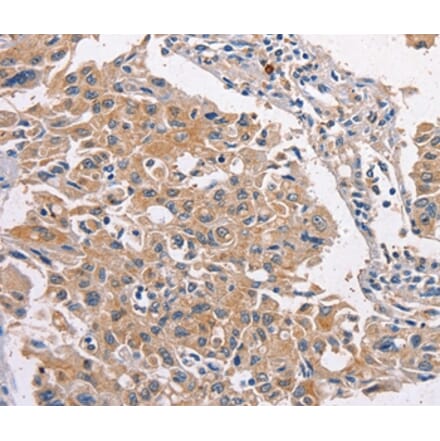 Immunohistochemistry - MAPK15 Antibody from Signalway Antibody (36197) - Antibodies.com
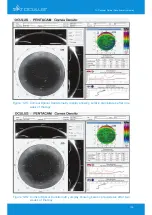 Предварительный просмотр 107 страницы OCULUS Pentacam Interpretation Manual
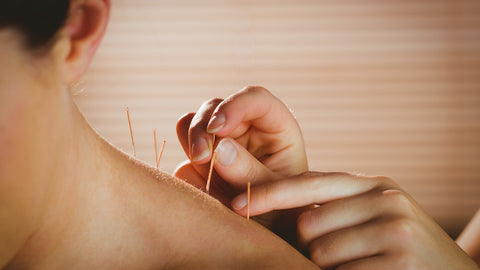 Acupuncture Treatment For Allergies 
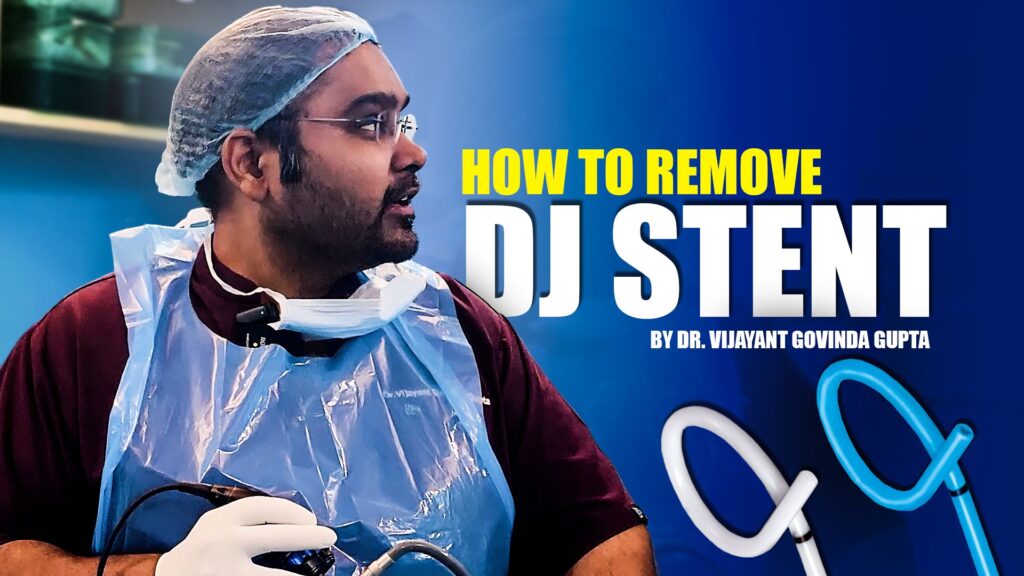 Dj stent remove delhi india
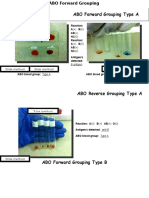 ABO Grouping BB Lab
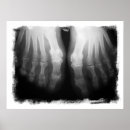 Search for human skeleton posters Bones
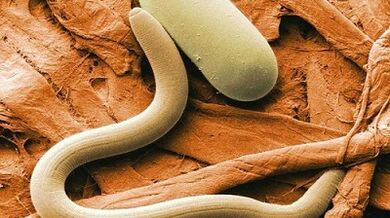 Parasites dans le corps humain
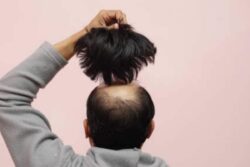 Angered By ‘Jija Ji’ Screaming At Sister, UP Man ‘Pulls Out’ Patch Of His Hair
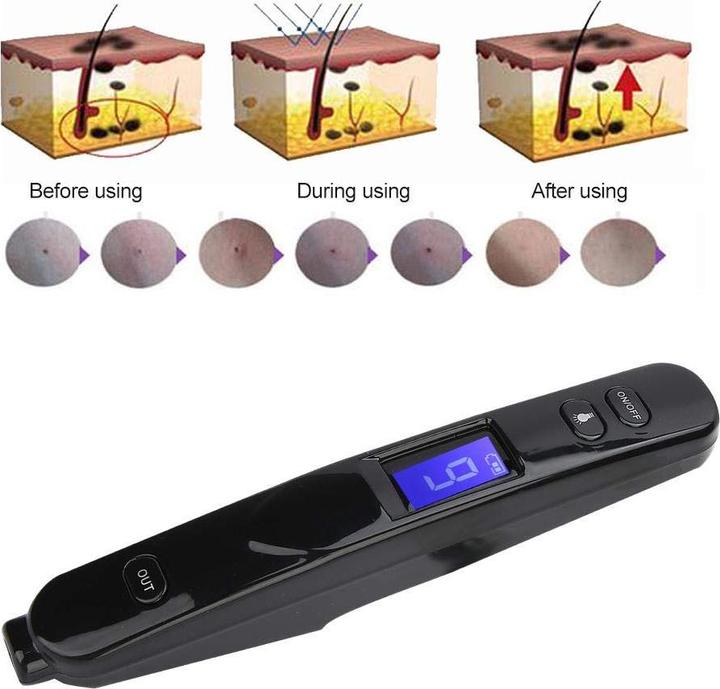 Produktbild Filfeel Skin Tags Remover Pen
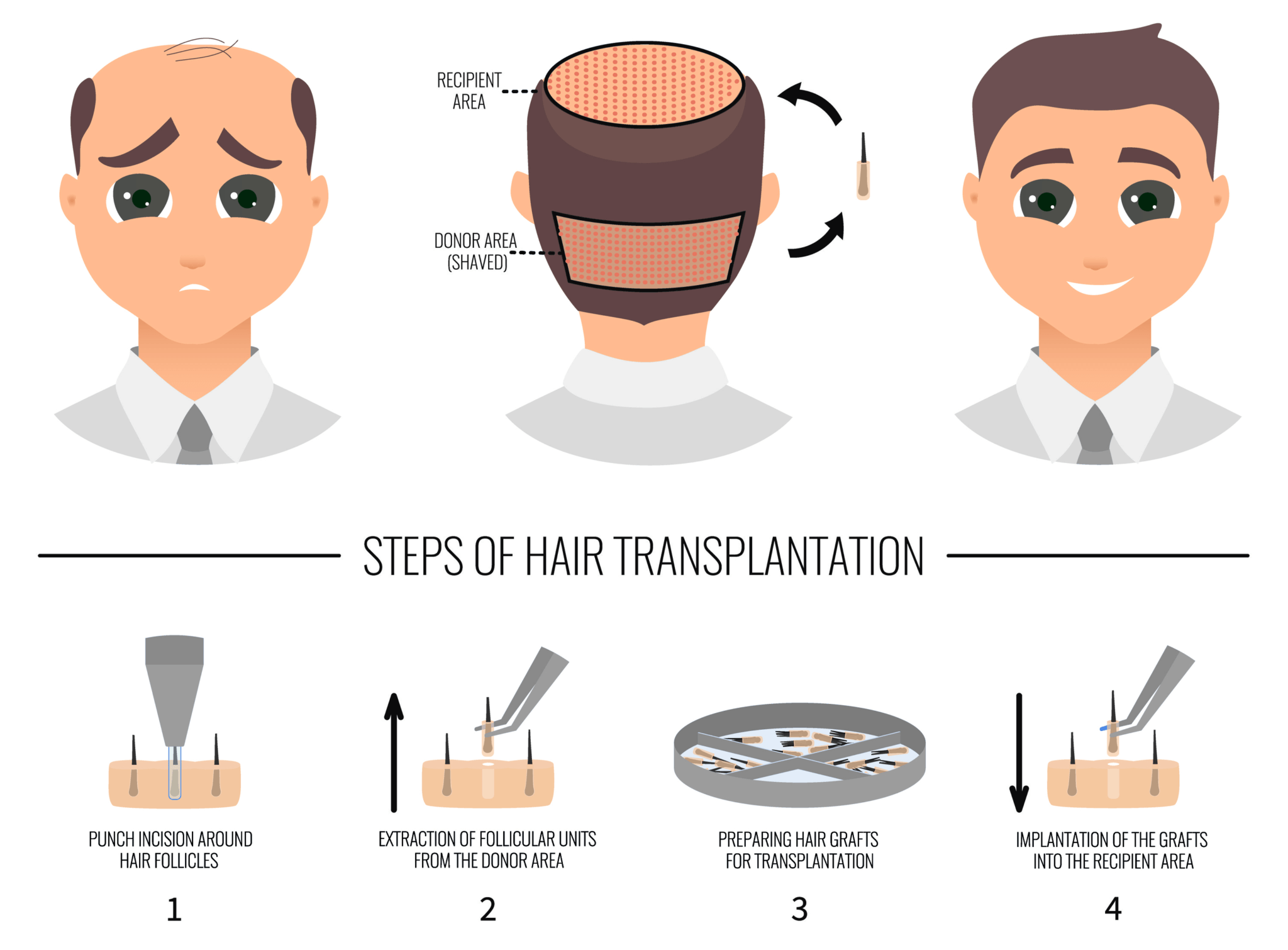 FUE Hair Transplant 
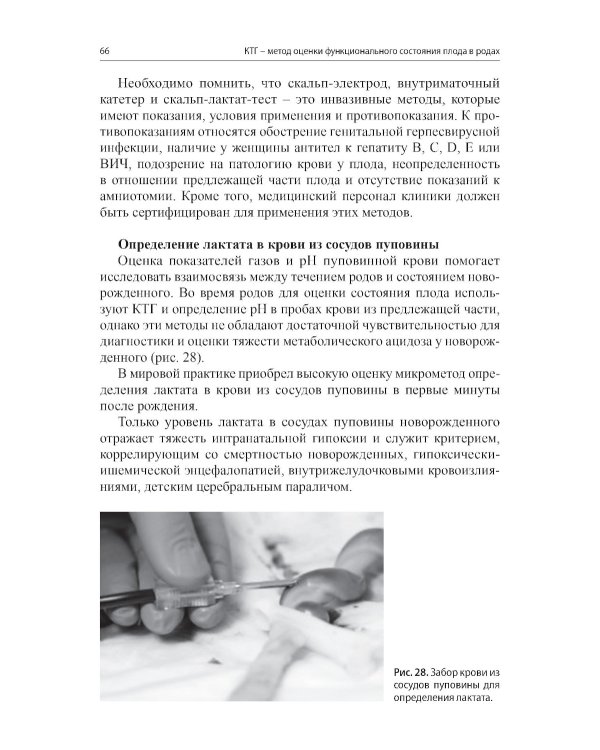 Кардиотокография - метод оценки функционального состояния плода во время беременности: Учебное пособие. 2-е изд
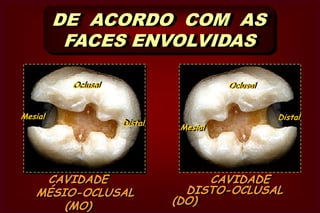  quando atinge três ou maisfacesdo dente.CAVIDADE COMPLEXA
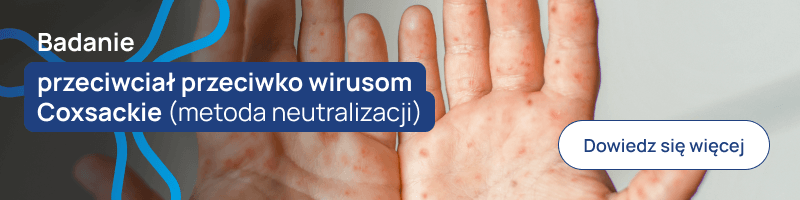 Badanie przeciwciał przeciwko wirusom Coxsackie (metoda neutralizacji) banerek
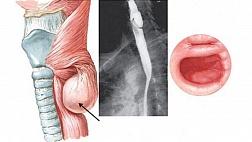 Классификация дивертикулов пищевода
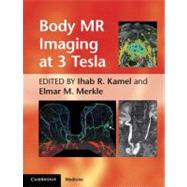 Body MR Imaging at 3 Tesla by Edited by Ihab R. Kamel , Elmar M. Merkle, 9780521194860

▸ Problem requirements: Please reproduce only the lines from the one holding "Produktbild Filfeel Skin Tags Remover Pen" through the final line of the listing above, both included, with each picture left out.

▸ Task answer:
 Produktbild Filfeel Skin Tags Remover Pen
 FUE Hair Transplant 
 Кардиотокография - метод оценки функционального состояния плода во время беременности: Учебное пособие. 2-е изд
  quando atinge três ou maisfacesdo dente.CAVIDADE COMPLEXA
 Badanie przeciwciał przeciwko wirusom Coxsackie (metoda neutralizacji) banerek
 Классификация дивертикулов пищевода
 Body MR Imaging at 3 Tesla by Edited by Ihab R. Kamel , Elmar M. Merkle, 9780521194860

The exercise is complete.